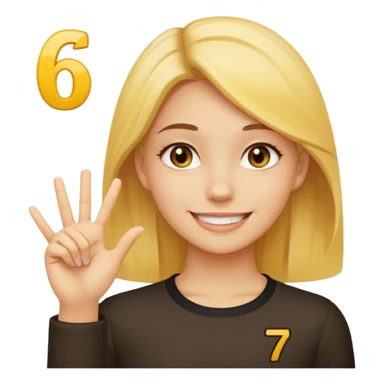 yellow smiling face girl with one hand flat under chin. With the number 6 on the left hand and the number 7 on the right hand sticker
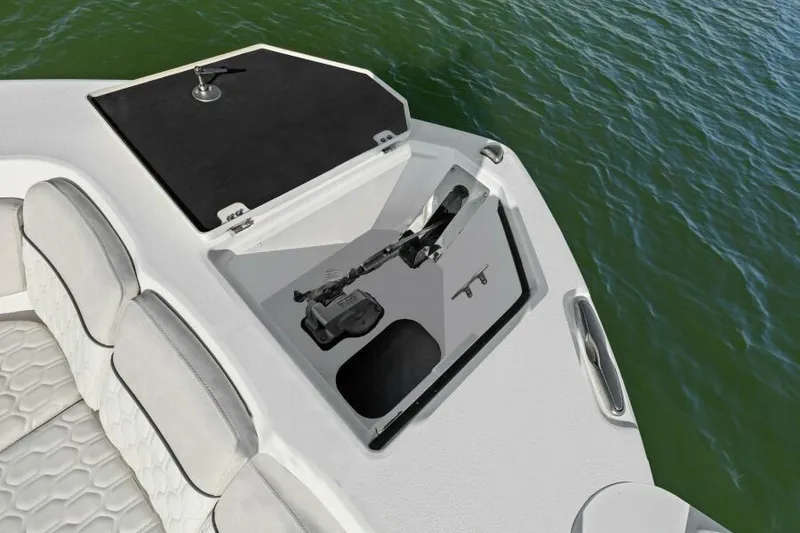Slide: The Image of 2024 Sea Fox 328 Commander boat with open storage compartment on deck. - 36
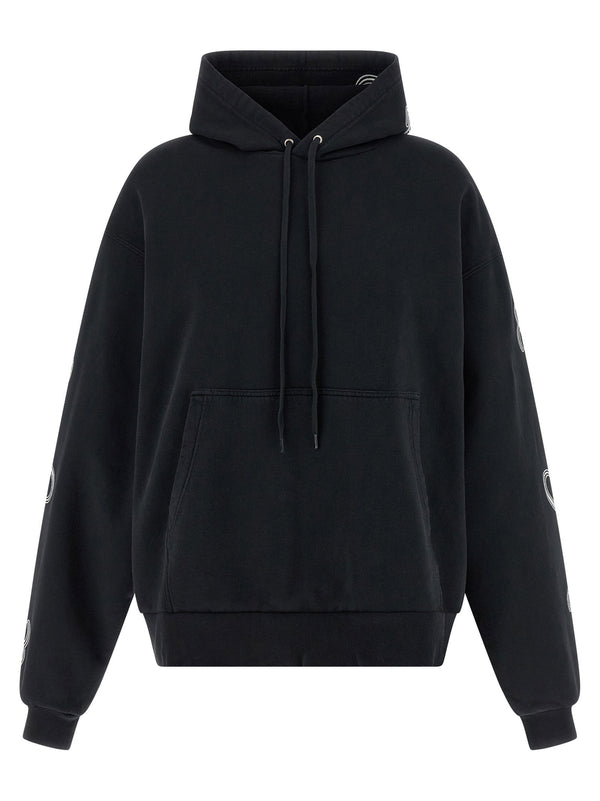 Balenciaga Cursive Hoodie Womens Premium Dry-Washed Fleece Embroidered Logo Kangaroo Pocket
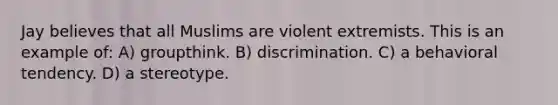 Jay believes that all Muslims are violent extremists. This is an example of: A) groupthink. B) discrimination. C) a behavioral tendency. D) a stereotype.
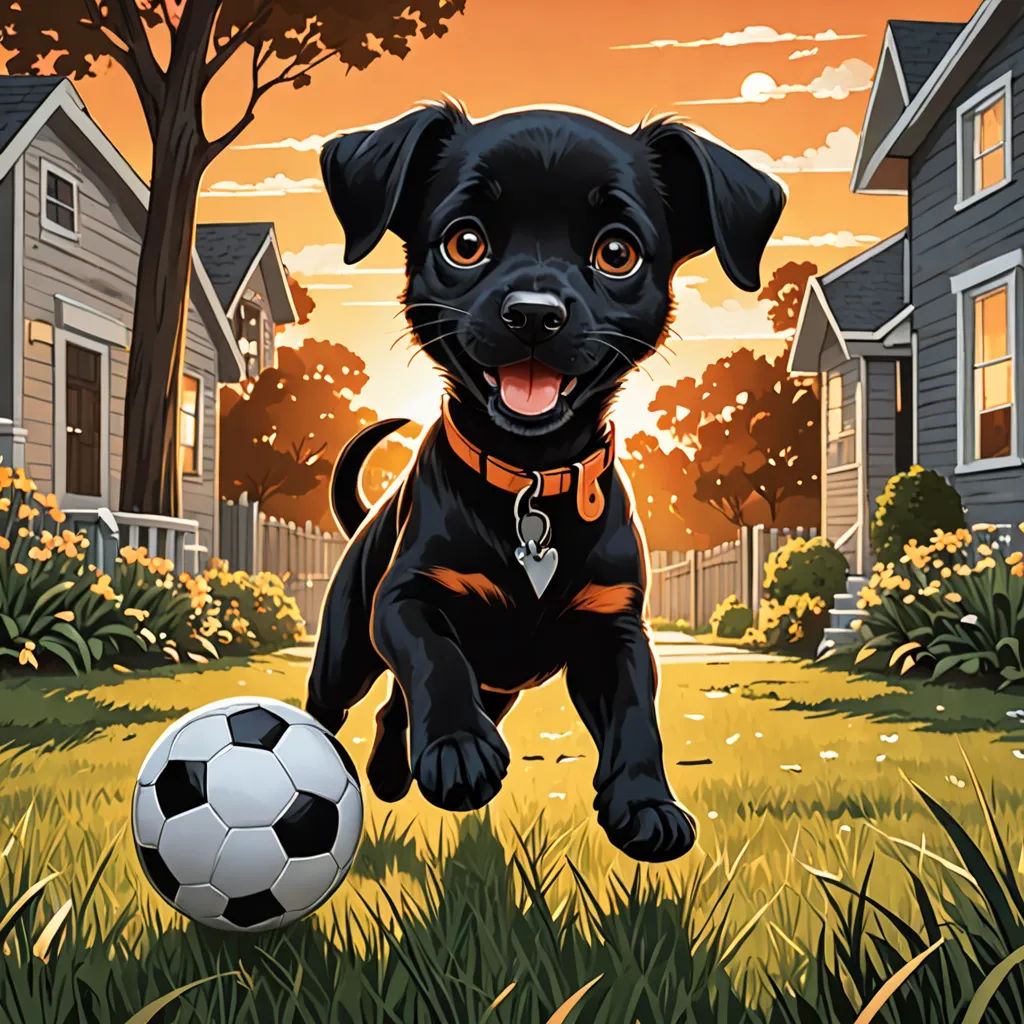 a black dog running with a soccer ball in its mouth in a yard with houses and trees in the background, american scene painting, a storybook illustration, Chris LaBrooy, comic cover art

★ ★ ★ ★ ★ ★ ★

THE TASK:
Could the lines from the first entry through the line that contains "Balenciaga Cursive Hoodie" be copied exactly, with all pictures left out?

EXERCISE SOLUTION:
 yellow smiling face girl with one hand flat under chin. With the number 6 on the left hand and the number 7 on the right hand sticker
Slide: The Image of 2024 Sea Fox 328 Commander boat with open storage compartment on deck. - 36
 Balenciaga Cursive Hoodie Womens Premium Dry-Washed Fleece Embroidered Logo Kangaroo Pocket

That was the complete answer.